2002 yılında tam da anlaşılamayan gizemli bir şekilde erken seçime giden Bülent Ecevit Koalisyon Hükümeti’nin yerine 03 Kasım 2002 de yapılan erken seçimler de, % 34 ile tek başına iktidara gelen AKP sonra ki seçimlerde oy oranını yükselterek tek parti iktidarını bugüne kadar devam ettirdi.

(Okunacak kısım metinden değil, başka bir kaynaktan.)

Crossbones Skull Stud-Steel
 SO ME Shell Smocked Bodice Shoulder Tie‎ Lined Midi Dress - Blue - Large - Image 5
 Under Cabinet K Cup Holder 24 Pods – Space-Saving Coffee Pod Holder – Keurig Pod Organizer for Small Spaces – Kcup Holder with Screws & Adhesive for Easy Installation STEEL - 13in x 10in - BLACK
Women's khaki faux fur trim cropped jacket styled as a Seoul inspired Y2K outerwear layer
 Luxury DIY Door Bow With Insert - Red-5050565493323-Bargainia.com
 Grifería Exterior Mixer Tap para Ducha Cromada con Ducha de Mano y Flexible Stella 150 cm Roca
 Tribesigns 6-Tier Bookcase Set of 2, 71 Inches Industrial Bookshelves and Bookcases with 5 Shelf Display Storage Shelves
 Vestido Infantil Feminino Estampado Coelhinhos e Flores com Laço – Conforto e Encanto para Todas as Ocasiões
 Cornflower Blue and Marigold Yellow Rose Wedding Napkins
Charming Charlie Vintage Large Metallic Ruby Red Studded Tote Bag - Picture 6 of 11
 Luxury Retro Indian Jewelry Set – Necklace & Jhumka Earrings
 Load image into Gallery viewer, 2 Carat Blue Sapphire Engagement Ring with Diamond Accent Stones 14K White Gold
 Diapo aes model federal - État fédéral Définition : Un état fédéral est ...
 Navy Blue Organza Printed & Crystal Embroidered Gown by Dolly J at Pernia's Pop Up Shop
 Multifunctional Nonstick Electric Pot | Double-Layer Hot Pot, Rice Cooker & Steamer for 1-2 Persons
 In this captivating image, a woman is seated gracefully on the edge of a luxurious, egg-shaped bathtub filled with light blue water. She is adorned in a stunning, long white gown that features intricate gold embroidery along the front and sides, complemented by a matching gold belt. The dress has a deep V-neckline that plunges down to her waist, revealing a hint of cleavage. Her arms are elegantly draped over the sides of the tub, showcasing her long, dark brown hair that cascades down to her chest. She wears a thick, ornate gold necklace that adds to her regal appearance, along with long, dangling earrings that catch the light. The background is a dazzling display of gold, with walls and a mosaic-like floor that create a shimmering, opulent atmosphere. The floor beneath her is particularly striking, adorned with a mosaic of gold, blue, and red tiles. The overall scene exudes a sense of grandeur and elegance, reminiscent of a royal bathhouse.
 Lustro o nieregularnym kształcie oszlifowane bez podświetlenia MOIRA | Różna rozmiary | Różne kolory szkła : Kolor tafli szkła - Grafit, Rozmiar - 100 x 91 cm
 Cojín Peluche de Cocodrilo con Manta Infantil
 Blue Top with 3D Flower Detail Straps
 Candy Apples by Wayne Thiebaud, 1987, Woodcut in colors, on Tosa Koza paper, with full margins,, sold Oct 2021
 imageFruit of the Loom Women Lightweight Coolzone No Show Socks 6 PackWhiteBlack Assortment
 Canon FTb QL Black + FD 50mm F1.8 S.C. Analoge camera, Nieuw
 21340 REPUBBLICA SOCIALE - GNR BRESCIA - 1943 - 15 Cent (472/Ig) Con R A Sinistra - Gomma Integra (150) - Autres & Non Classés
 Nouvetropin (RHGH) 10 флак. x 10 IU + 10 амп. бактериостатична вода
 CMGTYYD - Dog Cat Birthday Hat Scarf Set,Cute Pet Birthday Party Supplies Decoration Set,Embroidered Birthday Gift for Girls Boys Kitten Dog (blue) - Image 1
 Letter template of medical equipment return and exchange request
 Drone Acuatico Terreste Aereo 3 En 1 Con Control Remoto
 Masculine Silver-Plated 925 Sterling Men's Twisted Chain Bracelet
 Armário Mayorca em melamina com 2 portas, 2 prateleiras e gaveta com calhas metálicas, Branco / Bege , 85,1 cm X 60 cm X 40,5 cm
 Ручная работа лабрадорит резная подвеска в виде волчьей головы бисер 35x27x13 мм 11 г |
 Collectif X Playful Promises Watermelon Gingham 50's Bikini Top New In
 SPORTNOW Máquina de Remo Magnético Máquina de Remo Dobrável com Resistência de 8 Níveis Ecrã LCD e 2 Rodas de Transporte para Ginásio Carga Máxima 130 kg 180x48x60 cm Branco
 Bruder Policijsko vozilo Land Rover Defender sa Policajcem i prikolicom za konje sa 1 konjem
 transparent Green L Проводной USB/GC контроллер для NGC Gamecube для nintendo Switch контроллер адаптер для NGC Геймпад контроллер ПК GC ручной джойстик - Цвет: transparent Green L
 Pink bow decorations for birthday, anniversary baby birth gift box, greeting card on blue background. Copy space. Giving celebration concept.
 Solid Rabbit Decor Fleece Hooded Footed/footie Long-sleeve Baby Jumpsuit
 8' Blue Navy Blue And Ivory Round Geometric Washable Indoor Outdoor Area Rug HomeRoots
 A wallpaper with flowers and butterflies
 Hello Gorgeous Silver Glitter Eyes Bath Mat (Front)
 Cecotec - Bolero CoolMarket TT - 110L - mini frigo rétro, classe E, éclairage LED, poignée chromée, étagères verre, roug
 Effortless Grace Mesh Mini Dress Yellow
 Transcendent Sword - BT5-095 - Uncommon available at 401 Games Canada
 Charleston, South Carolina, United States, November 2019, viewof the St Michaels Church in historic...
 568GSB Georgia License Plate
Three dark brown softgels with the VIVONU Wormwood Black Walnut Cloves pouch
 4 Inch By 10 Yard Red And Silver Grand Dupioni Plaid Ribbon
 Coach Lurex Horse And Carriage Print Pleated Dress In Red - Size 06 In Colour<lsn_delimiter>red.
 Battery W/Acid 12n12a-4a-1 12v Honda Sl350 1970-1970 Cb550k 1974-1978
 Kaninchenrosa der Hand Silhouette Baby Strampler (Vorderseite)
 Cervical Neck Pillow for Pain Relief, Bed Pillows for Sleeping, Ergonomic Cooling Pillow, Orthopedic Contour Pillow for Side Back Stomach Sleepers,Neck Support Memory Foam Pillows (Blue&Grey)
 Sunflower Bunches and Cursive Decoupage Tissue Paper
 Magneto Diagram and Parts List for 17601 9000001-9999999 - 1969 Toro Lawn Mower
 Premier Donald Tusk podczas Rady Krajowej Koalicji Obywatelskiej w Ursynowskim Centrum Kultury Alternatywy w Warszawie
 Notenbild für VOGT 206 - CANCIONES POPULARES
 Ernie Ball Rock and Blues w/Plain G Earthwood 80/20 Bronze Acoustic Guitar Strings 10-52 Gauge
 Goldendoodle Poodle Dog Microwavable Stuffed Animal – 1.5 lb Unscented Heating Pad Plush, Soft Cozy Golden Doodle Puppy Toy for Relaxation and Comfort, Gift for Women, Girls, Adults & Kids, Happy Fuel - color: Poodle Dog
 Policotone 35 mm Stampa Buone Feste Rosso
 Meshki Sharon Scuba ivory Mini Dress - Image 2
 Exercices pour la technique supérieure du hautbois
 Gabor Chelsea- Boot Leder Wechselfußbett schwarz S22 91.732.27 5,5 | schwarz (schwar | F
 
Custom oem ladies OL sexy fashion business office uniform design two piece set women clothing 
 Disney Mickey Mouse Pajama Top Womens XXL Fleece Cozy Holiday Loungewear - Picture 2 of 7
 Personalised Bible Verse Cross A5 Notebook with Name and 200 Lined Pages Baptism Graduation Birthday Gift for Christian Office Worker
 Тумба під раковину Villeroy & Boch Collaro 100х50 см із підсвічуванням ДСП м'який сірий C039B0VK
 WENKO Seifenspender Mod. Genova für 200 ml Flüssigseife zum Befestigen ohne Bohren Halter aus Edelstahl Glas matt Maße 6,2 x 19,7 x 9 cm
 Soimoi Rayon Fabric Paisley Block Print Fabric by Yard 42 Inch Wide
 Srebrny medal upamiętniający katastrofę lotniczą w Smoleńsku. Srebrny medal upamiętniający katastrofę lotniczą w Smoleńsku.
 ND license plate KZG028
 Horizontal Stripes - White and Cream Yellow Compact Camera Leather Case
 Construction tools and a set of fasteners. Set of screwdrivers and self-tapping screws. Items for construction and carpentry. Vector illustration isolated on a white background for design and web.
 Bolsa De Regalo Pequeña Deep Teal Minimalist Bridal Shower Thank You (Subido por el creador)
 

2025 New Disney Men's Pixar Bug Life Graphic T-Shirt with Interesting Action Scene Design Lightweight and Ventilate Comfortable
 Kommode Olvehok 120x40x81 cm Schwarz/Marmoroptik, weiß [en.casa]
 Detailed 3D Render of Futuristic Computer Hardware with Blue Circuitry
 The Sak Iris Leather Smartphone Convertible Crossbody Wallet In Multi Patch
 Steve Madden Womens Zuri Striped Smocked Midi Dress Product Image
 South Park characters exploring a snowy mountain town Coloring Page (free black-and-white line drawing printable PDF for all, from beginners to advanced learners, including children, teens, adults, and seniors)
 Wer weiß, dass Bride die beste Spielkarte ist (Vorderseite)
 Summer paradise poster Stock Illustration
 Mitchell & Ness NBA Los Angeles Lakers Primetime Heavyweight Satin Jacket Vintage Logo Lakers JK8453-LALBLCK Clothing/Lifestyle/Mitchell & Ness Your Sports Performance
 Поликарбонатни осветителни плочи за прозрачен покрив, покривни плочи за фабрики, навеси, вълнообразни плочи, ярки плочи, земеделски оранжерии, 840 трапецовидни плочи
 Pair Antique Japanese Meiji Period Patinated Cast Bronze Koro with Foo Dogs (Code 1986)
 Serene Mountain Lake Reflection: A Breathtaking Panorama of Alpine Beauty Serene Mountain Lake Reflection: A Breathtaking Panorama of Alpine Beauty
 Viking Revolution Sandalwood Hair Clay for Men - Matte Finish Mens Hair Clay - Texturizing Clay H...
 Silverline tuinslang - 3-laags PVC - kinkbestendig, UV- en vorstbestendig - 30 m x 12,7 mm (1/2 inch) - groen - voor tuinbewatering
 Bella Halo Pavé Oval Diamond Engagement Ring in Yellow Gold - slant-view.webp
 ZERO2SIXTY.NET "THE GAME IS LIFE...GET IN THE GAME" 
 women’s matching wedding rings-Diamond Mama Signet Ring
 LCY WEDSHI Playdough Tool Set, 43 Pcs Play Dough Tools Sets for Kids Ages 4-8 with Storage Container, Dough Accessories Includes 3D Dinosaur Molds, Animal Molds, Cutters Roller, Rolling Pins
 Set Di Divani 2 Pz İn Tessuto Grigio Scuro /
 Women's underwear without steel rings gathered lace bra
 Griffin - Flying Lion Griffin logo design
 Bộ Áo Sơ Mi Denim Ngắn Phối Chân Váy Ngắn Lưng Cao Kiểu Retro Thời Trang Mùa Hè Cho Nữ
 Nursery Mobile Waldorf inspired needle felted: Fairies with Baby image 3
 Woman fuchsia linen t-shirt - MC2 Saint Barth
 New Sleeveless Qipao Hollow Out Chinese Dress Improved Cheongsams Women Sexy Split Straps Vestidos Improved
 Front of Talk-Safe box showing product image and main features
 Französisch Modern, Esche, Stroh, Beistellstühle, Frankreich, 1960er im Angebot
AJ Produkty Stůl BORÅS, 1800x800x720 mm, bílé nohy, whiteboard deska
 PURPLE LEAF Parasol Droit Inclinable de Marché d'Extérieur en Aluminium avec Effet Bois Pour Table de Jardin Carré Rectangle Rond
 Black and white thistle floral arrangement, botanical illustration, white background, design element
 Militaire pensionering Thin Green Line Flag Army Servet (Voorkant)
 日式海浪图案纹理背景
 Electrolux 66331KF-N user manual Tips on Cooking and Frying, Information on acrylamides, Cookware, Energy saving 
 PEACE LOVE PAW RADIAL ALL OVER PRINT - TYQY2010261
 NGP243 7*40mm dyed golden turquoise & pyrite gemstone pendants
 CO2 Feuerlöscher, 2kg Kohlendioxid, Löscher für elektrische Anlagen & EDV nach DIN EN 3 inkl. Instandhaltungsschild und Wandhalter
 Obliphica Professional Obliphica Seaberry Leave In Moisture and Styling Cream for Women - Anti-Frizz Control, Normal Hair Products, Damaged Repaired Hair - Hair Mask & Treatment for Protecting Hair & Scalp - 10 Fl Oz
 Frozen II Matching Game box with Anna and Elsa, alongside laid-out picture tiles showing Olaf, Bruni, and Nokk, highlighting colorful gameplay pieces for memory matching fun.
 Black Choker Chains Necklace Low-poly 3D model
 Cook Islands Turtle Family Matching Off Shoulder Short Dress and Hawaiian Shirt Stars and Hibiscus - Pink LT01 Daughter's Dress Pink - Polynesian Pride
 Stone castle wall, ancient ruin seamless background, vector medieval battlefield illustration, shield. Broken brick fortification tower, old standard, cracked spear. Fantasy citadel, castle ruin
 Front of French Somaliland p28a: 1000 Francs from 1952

03 Kasım 2002 Seçimlerinin en önemli yönü, %10 barajı nedeniyle sadece iki partinin barajı aşarak TBMM’ de temsil hakkı kazanmasıydı. AKP % 34.29 ile 363, CHP ise, % 19.32 ile 178 milletvekili çıkarırken, % 79,3 katılımın olduğu o seçimde, % 10 barajı nedeni ile % 34 ile bir parti tek başına iktidara gelirken, Seçmenin % 45’nin oyu çöpe gidiyor ve TBMM’ e yansımıyordu.
Tek başına iktidar da kalarak 14. Yılını tamamlayan AKP’, bu seçimlere yukarıda ki seçim başarılarına imza atmış Genel Başkanını Cumhurbaşkanlığına göndermiş olarak, O’nun karizmatik gücünden mahrum giriyor.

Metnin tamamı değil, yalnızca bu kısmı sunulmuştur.